Discovery, Namespacing, and Repository Growth¶

Page Maps¶

graph LR
  family["Reproducible Research"]
  program["Deep Dive Make"]
  section["Build Architecture Layered Includes Apis"]
  page["Discovery, Namespacing, and Repository Growth"]
  capstone["Capstone evidence"]

  family --> program --> section --> page
  page -.applies in.-> capstone

flowchart LR
  orient["Orient on the page map"] --> read["Read the main claim and examples"]
  read --> inspect["Inspect the related code, proof, or capstone surface"]
  inspect --> verify["Run or review the verification path"]
  verify --> apply["Apply the idea back to the module and capstone"]

Small Make builds can survive with informal naming and casual discovery.

Larger builds usually cannot.

As a repository grows, the first architectural failures often look like this:

source discovery order changes unexpectedly
target names collide across subsystems
output paths stop communicating ownership
every component invents its own naming conventions
the build slowly drifts toward disconnected local truths

This page is about the rules that keep a growing repository from becoming structurally ambiguous.

The sentence to keep¶

When a build starts growing, ask:

if another component adds files tomorrow, will the current discovery and naming rules keep the graph stable and the ownership legible?

That question is what turns growth into architecture instead of improvisation.

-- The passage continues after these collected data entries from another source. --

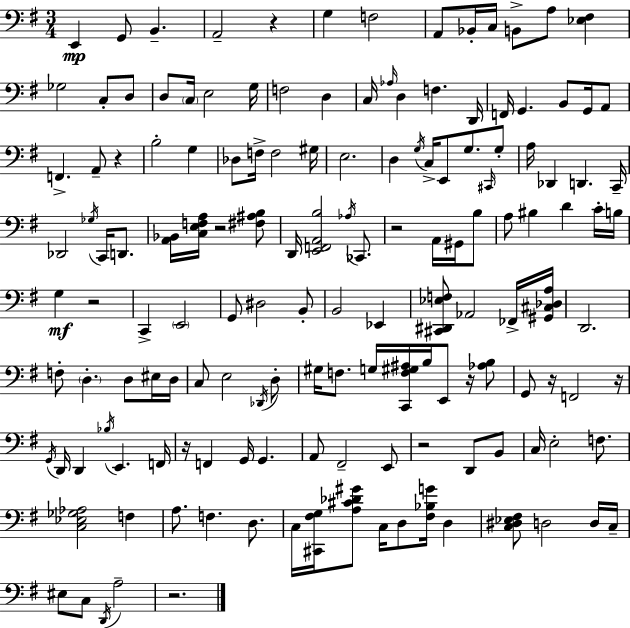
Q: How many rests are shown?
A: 11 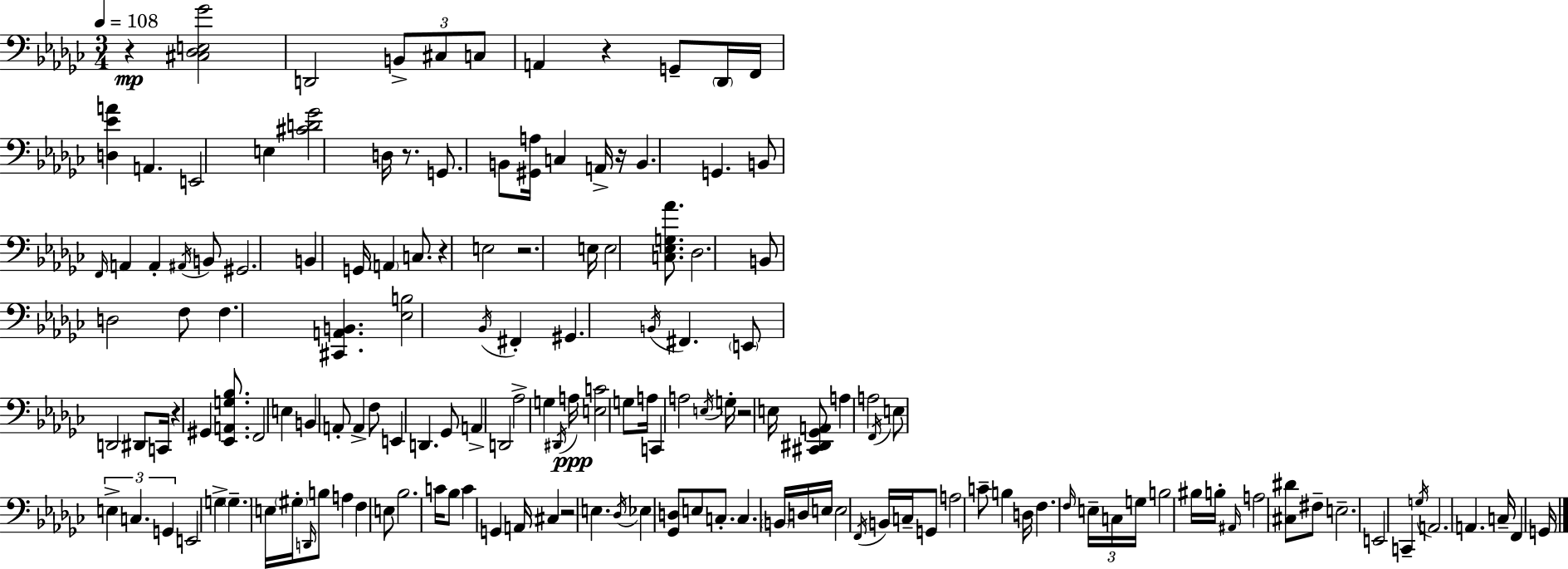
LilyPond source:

{
  \clef bass
  \numericTimeSignature
  \time 3/4
  \key ees \minor
  \tempo 4 = 108
  r4\mp <cis des e ges'>2 | d,2 \tuplet 3/2 { b,8-> cis8 | c8 } a,4 r4 g,8-- | \parenthesize des,16 f,16 <d ees' a'>4 a,4. | \break e,2 e4 | <cis' d' ges'>2 d16 r8. | g,8. b,8 <gis, a>16 c4 a,16-> r16 | b,4. g,4. | \break b,8 \grace { f,16 } a,4 a,4-. \acciaccatura { ais,16 } | b,8 gis,2. | b,4 g,16 \parenthesize a,4 c8. | r4 e2 | \break r2. | e16 e2 <c ees g aes'>8. | des2. | b,8 d2 | \break f8 f4. <cis, a, b,>4. | <ees b>2 \acciaccatura { bes,16 } fis,4-. | gis,4. \acciaccatura { b,16 } fis,4. | \parenthesize e,8 d,2 | \break dis,8 c,16 r4 gis,4 | <ees, a, g bes>8. f,2 | e4 b,4 a,8-. a,4-> | f8 e,4 d,4. | \break ges,8 a,4-> d,2 | aes2-> | g4 \acciaccatura { dis,16 } a16\ppp <e c'>2 | g8 a16 c,4 a2 | \break \acciaccatura { e16 } g16-. r2 | e16 <cis, dis, ges, a,>8 a4 a2 | \acciaccatura { f,16 } e8 \tuplet 3/2 { e4-> | c4. g,4 } e,2 | \break g4-> \parenthesize g4.-- | e16 \parenthesize gis16-. \grace { d,16 } b8 a4 | f4 e8 bes2. | c'16 bes8 c'4 | \break g,4 a,16 cis4 | r2 e4. | \acciaccatura { des16 } ees4 <ges, d>8 e8 c8.-. | c4. \parenthesize b,16 d16 e16 e2 | \break \acciaccatura { f,16 } b,16 c16-- g,8 | a2 c'8-- b4 | d16 f4. \grace { f16 } \tuplet 3/2 { e16-- c16 | g16 } b2 bis16 b16-. \grace { ais,16 } | \break a2 <cis dis'>8 fis8-- | e2.-- | e,2 c,4-- | \acciaccatura { g16 } a,2. | \break a,4. c16-- f,4 | g,16 \bar "|."
}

Discovery is an architectural choice¶

Discovery often begins innocently:

SRCS := $(wildcard src/*.c)

That may be enough for a tiny project. As soon as the tree grows, discovery rules become a policy decision:

which directories count as source roots
which file patterns are included
whether the result order is stable
how multiple components avoid stepping on each other

This is why Module 07 treats discovery as architecture rather than convenience.

Rooted discovery beats wandering discovery¶

One of the healthiest habits for larger repositories is rooted discovery:

APP_SRCS := $(sort $(wildcard src/app/*.c))
LIB_SRCS := $(sort $(wildcard src/lib/*.c))

This is better than broad, wandering discovery because it says:

these directories are part of the build contract
files outside them do not accidentally become build inputs
order is stabilized intentionally

That makes the build easier to review and easier to extend.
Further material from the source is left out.